A rice tariff of at least 70%, as sanctioned by the Rice Tariffication Law’s (RTL) safeguards provision, was pressed to be urgently implemented by government to arrest further imports hitting beyond all-time high records, saving Filipino farmers.
The safeguards will also save government from needing to spend huge funds for conditional cash transfer or farmers’ loan, now placed by Department of Agriculture (DA) at P15 billion, just to spare Filipino farmers from serious economic damage.
The private sector, representing thousands of Filipino farmers under its wings in the supply chain, has pegged desired rice tariff to at least 70% in order to beef up global competitiveness of Filipino produce.
At the same time, the Philippine Chamber of Agriculture& Food Inc. (PCAFI) asserted that it strongly supports the RTL, contrary to what may be perceived by some groups.
“We are supporting the law. Therefore let’s implement the law.
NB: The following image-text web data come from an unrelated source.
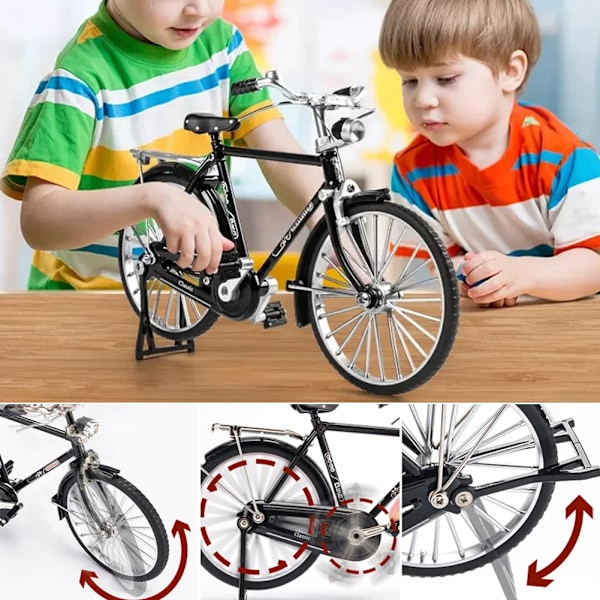 Retro cykelmodel kit, miniatyr metal pynt til kunst samling, legetøj til børn - Perfekt i Black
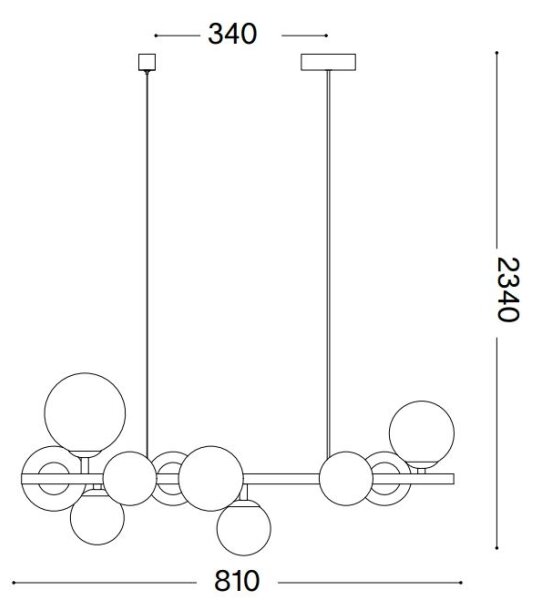 Ideal Lux - Lustră LED suspendată pe cablu PERLAGE, 10 x G9, 3 W, 230 V, 81 cm, auriu/fumuriu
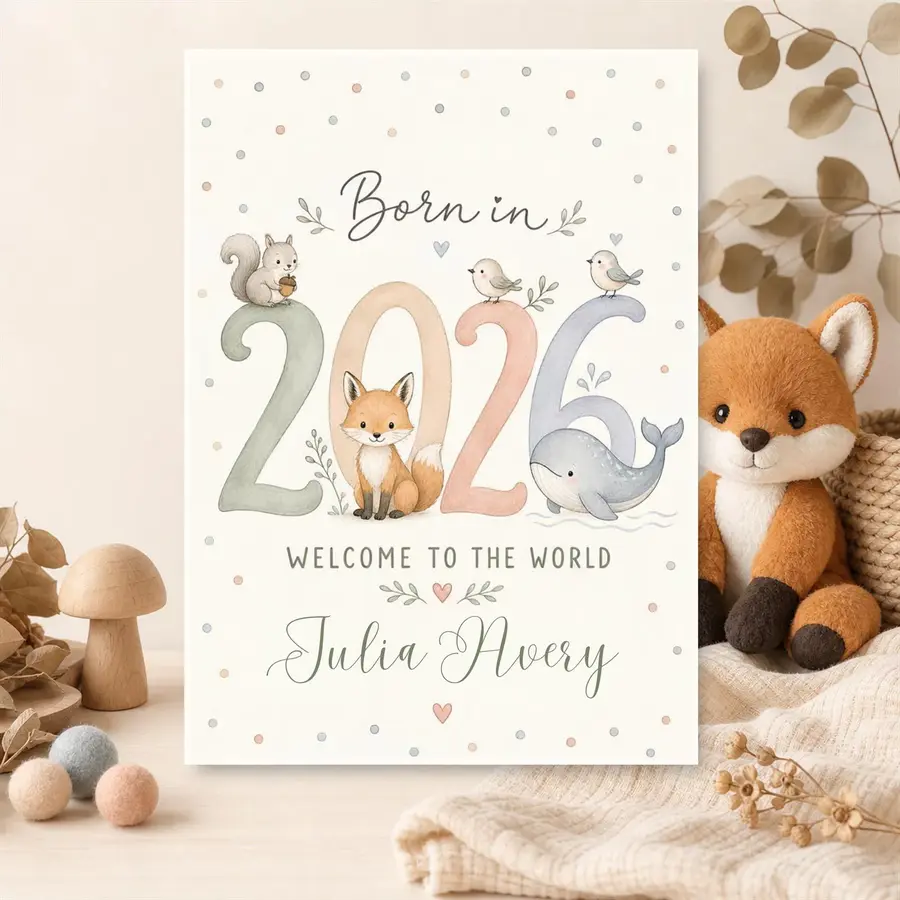 Styled product mockup: Woodland Animal Birth Announcement Template, Editable Canva Template, 5x7 Printable, Digital Download, Instant Download.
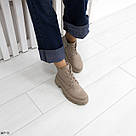 Шкіряні жіночі демісезонні черевики бежевого кольору, фото 4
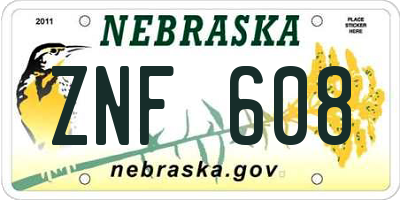 NE license plate ZNF608
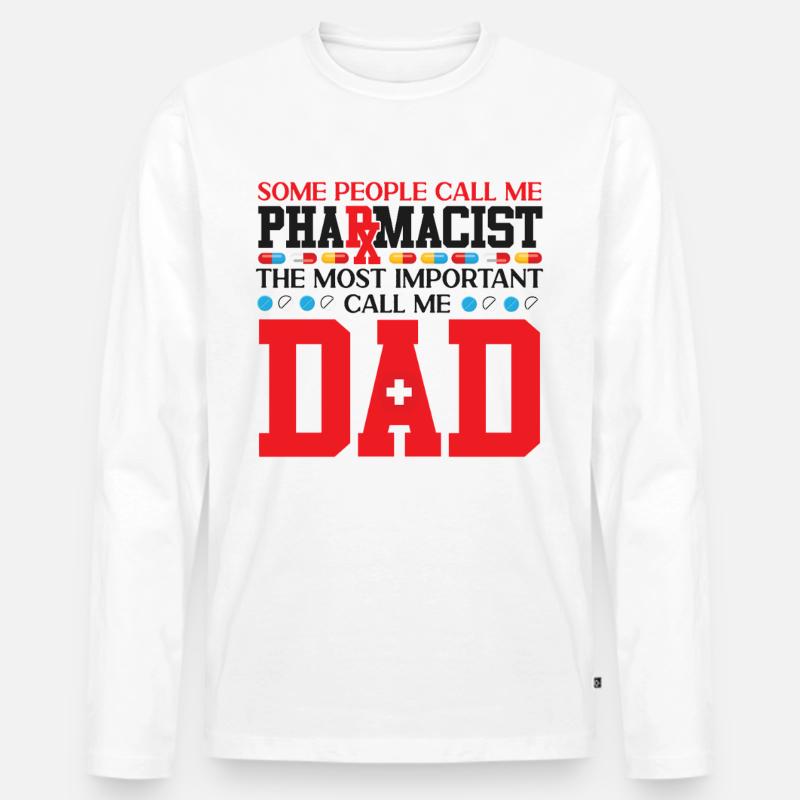Pharmacy Tech Technician - Männer Premium Bio Langarmshirt - Weiß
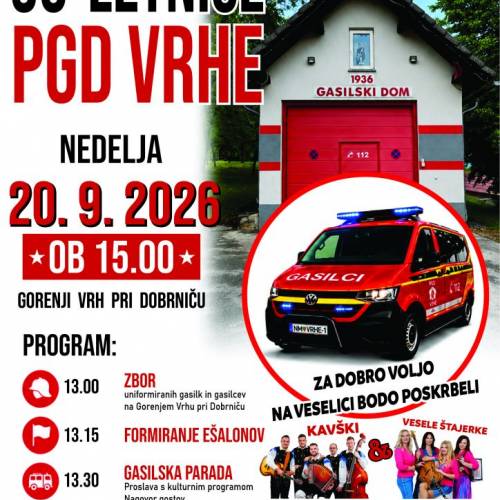 PGD VRHE - praznovanje 90-letnice 20. 9. 2026
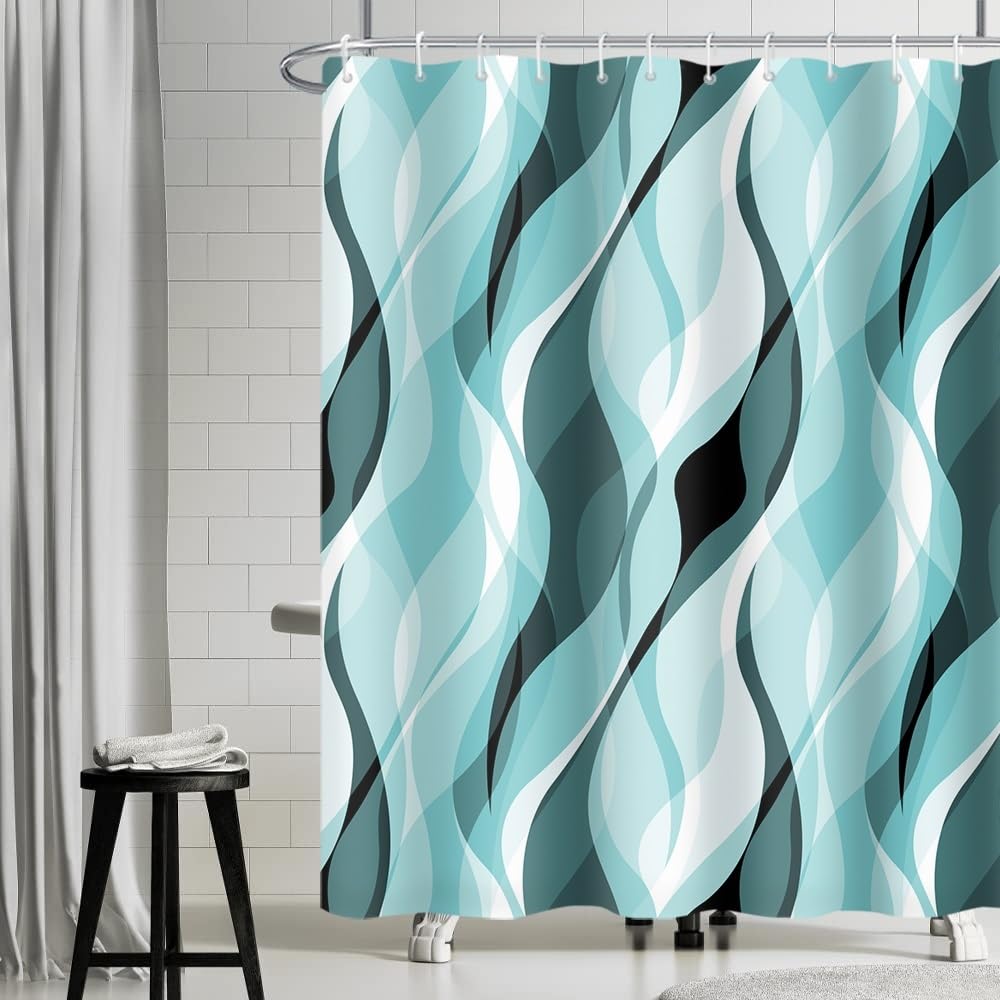 Uiiooazy Blue Turquoise Shower Curtain | Geometric Waterproof Polyester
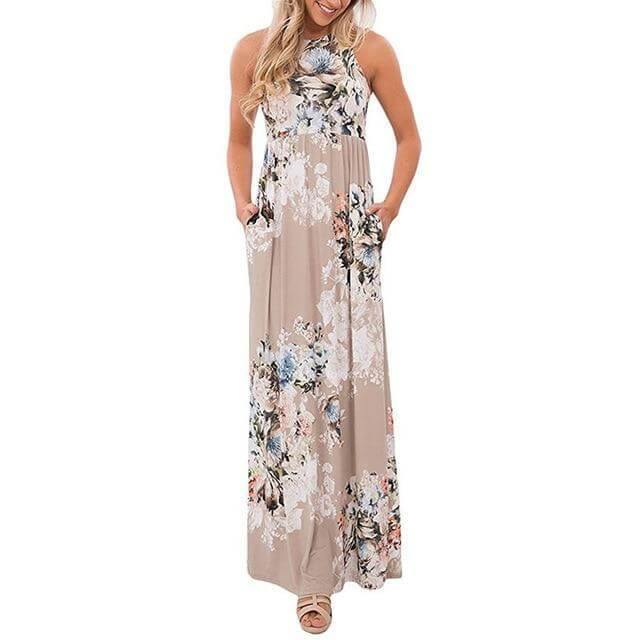Women Bohemia Short Sleeve O Neck Floral Summer Dress - Image 15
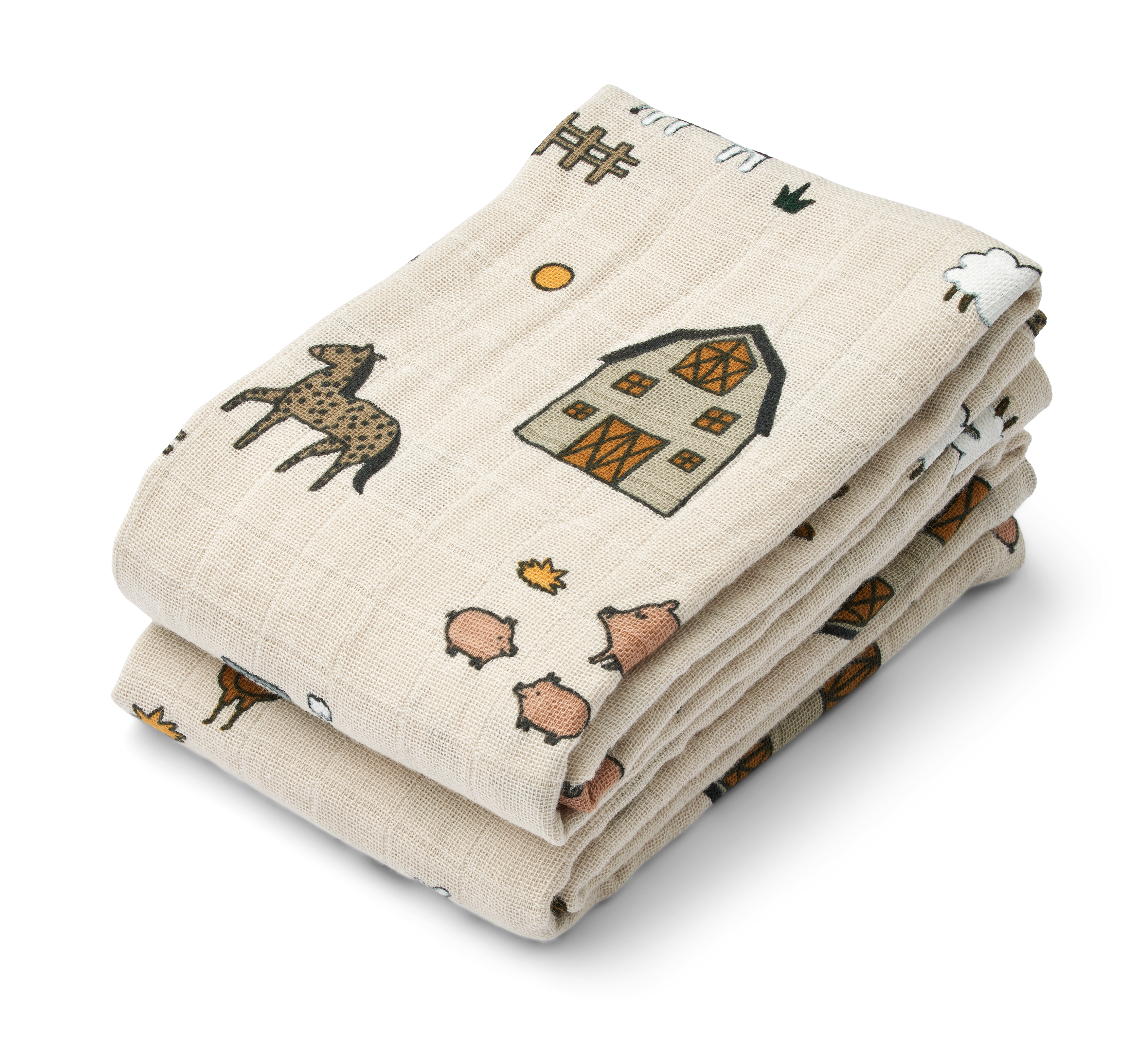 Product Image for Liewood  Lewis Muslinfilt 2-Pack, Farm/Sandy - BabyWorld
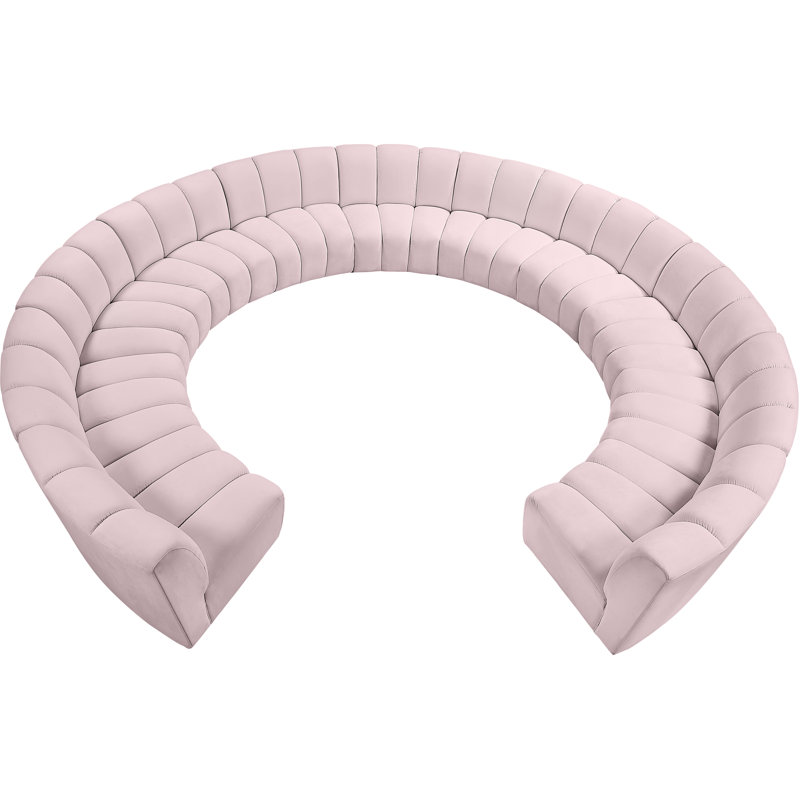 Canapé modulaire en velours Infinity, 11 pièces, Velours rose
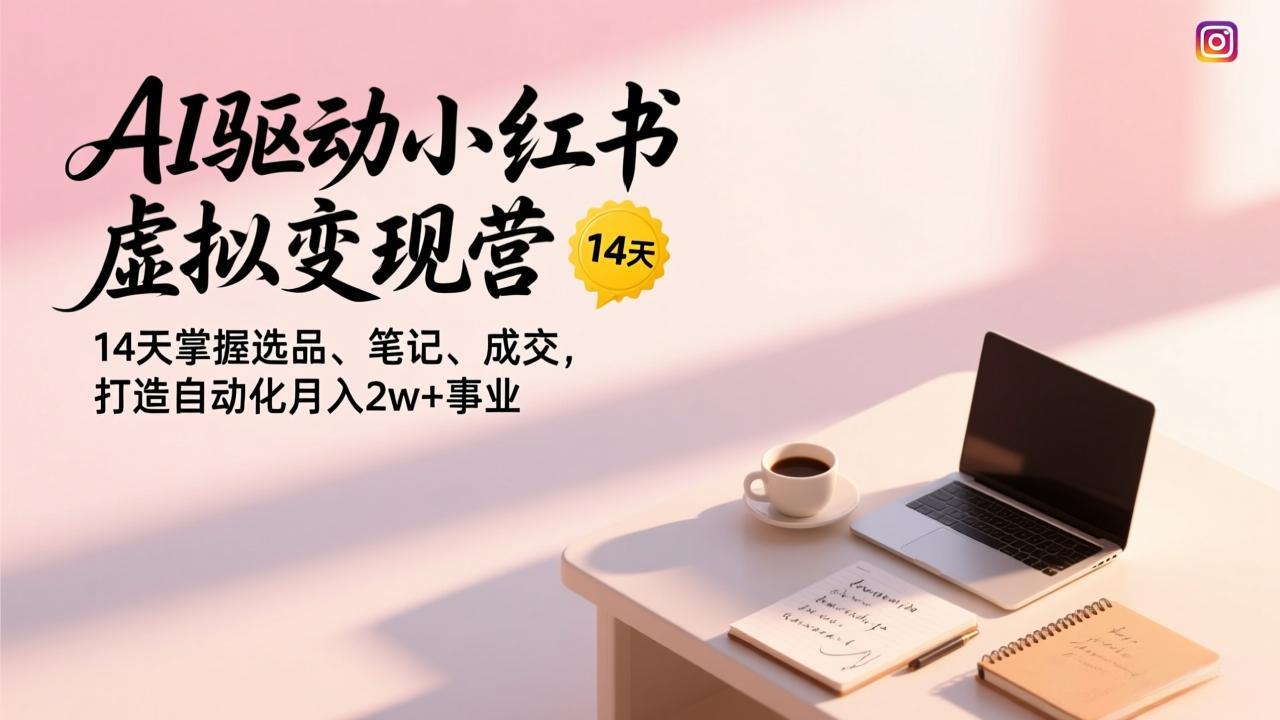 AI驱动小红书虚拟变现营，14天掌握选品、笔记、成交，打造自动化月入2w+事业-云创网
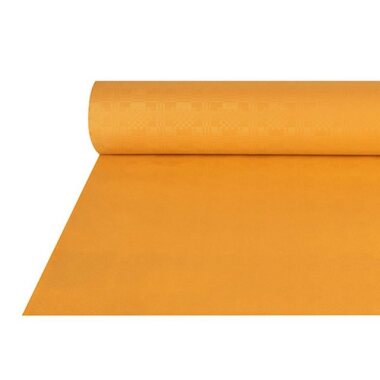 PAPSTAR Tischdecke 4 Stück Papiertischdecke, gelb mit Damastprägung 50 x 1 m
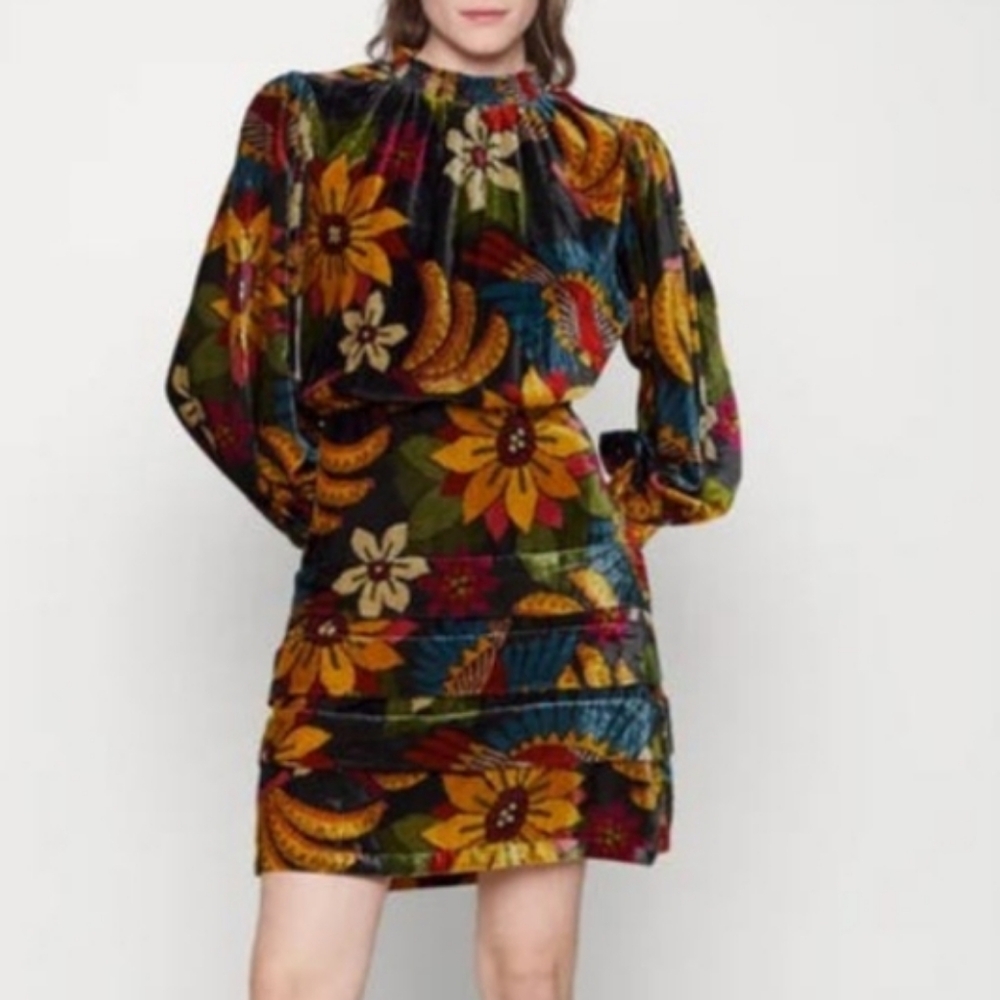 FARM Rio Velvet Mini Dress Macaw Ballet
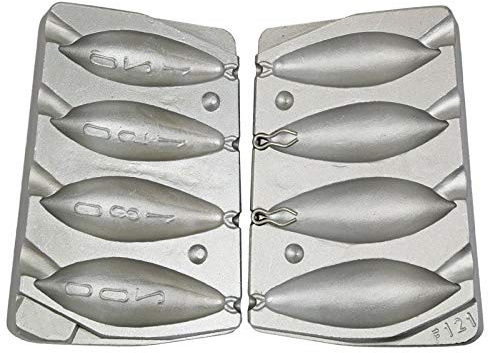 Molde de plomos de pesca en forma de torpedos, 120 – 150 – 180 – 200 g - Para pesca marina, en barco o pesca de carpas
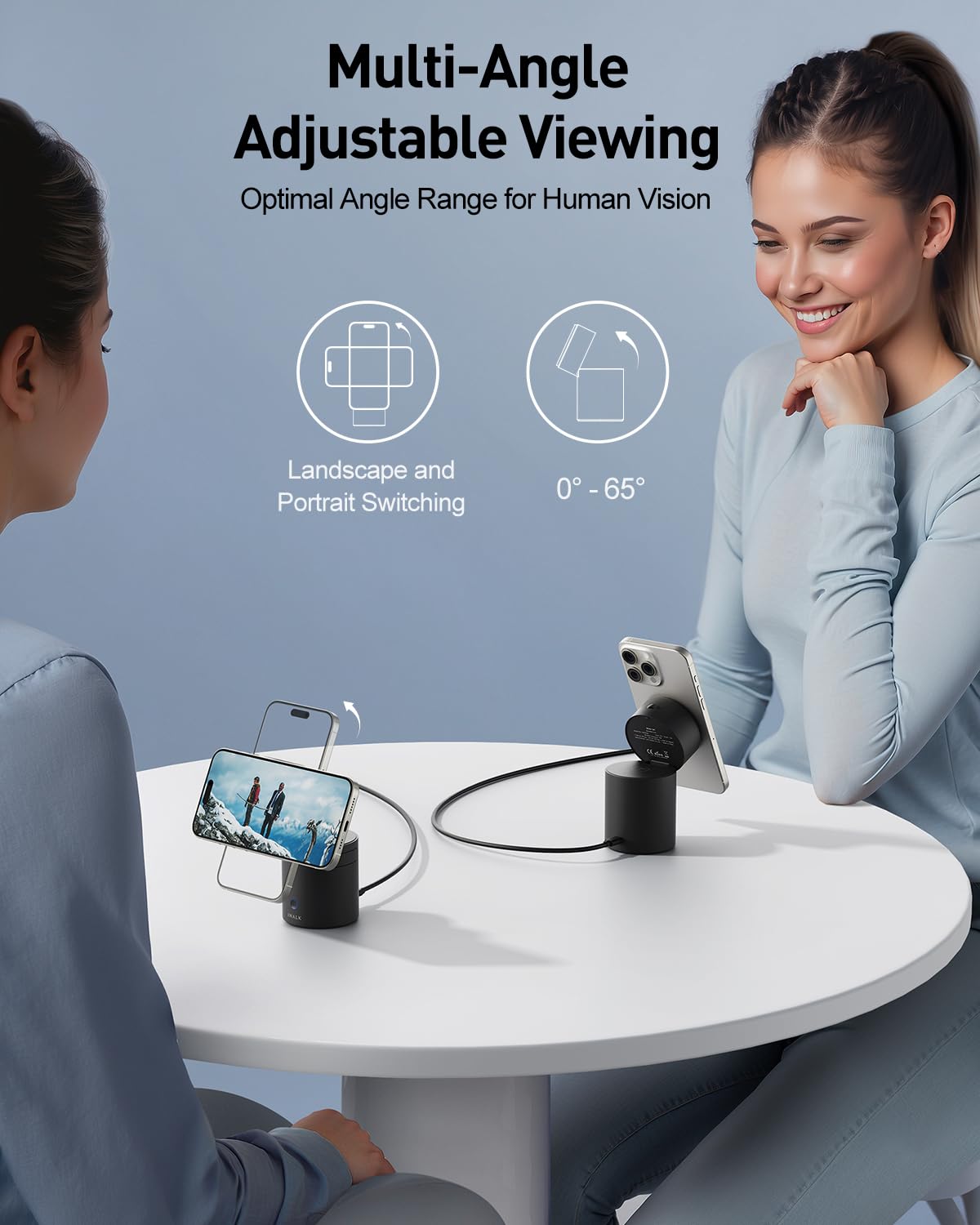 iWalk StandMe Auto, 15W Foldable 3-in-1 Wireless Charging Stand with Auto Rotation- Black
We want the law, that’s why we want it implemented,” said PCAFI President Danilo V. Fausto.
PCAFI warned the continuous influx of cheap imported rice may threaten the country’s national security, prompting hungry farmers in the rural areas to resort to joining communist rebels.
“We have to assess the situation because any further damage may affect our national security.”
Unlike the position of some groups adversely affected by the RTL, Fausto said PCAFI wants RTL upheld through immediate implementation of its explicit provisions.
“We’re not asking for a repeal of the law or an amendment of the law. And if the law says, section 10 of Republic Act there are safeguards, let’s implement it.”
A tariff rate of at least 70 percent should be reasonable enough to give the Filipino farmers at least the “temporary” yet extra edge against imports.
“Our palay price is now at around P12 per kilo. But NFA should buy it at P17 (to aid farmers). At that buying price, it will sell in the retail market at P34 per kilo, when milled. Then domestic rice will even out with the imported at P34,” said Fausto.
With price of both domestic and imported rice at same level, “why would you bother importing?”
Ernesto Ordonez, PCAFI trustee and Agri Fisheries Alliance (AFA) chairman, said the imposition of safeguards from the current 35% level is urgent even as there are trade notification rules involved.
AFA is composed of five sectors: farmers and fisherfolk, (Alyansa Agrikultura-AA), agribusiness, PCAFI, science and technology (Coalition for Agriculture Modernization in the Philippines – CAMP), rural women (Pambansang Kilusan ng Kababaihan sa Kanayunan – PKKK), and multisectors (Agrifisheries 2025 – AF2025).
“We do not want a repeat of the mistake during the 1990’s when we agreed to the too rapid tariff reduction without giving the farmers the necessary support services and the WTO-approved safeguard measures,” said Ordonez.
Ordonez cited the Department of Agriculture September 9 national survey where imported rice with the 35% tariff caused farmgate wet palay prices in Regions 2, 3, 11 averaged P12.10 a kilo, barely above the P12 production cost.
CAMP President Emil Javier favored measures like cash transfers and assistance in credit, technology, and marketing.
AFA stated it rejects calls for a return to government rice import monopoly and supports food security instead of food self-sufficiency.
“In areas where rice production is not competitive, the government must provide assistance for transition to higher value crops,” said Ordonez.
The tariff protection under safeguards will just be a temporary, a transitory, policy, PCAFI asserted.
“DA should immediately implement it as promised it should be by October 1. Anyway, that will just temporary, while we’re trying to give our farmers time to upgrade their competitiveness.”
Now at 2.4 to 2.5 million MT (MT), imports must immediately be curbed. The Foreign Agricultural Service (USDA) placed projected import for the year to hit 2.6 million MT.
Fausto said even a P34 against P34 per kilo Filipino against import price will be enough.
Imported rice is currently being traded at around P17 per kilo. With trader’s overhead, it rises to P20 per kilo, and finally to P27, P28 per kilo in the retail market (with logistics costs).
“But imported rice should be at least equal the local market price. That will make them lose over domestic rice. Now, NFA should ensure farmers dictate the buying price of palay at P17 per kilo for dry and P13, P14 per kilo for wet.”
PCAFI Trustee Elias Inciong is questioned why some groups may be opposing the safeguards implementation even if they are representing sectors that are not rice-related as compared to suffering rice farmers.
“They don’t want higher tariff? Why? Because it will affect consumers? (or their businesses?)”
But PCAFI, some of whose members themselves plant rice in poverty stricken, rural areas, want more protection for precious but few Filipino farmers that remain sustaining to raise the country’s food security.
Under Republic Act 880, the Safeguard Measures Act, safeguards may be imposed in the following conditions (Rule 2.2a-c) all of which conditions are reported to have been happening after the RTL implementation:
- significant idling of productive facilities in the domestic industry including the closure of plants (rice mills) or underutilization of production capacity
- inability of a significant number of firms to carry out domestic production at a profit
- significant unemployment or underemployment within the domestic industry.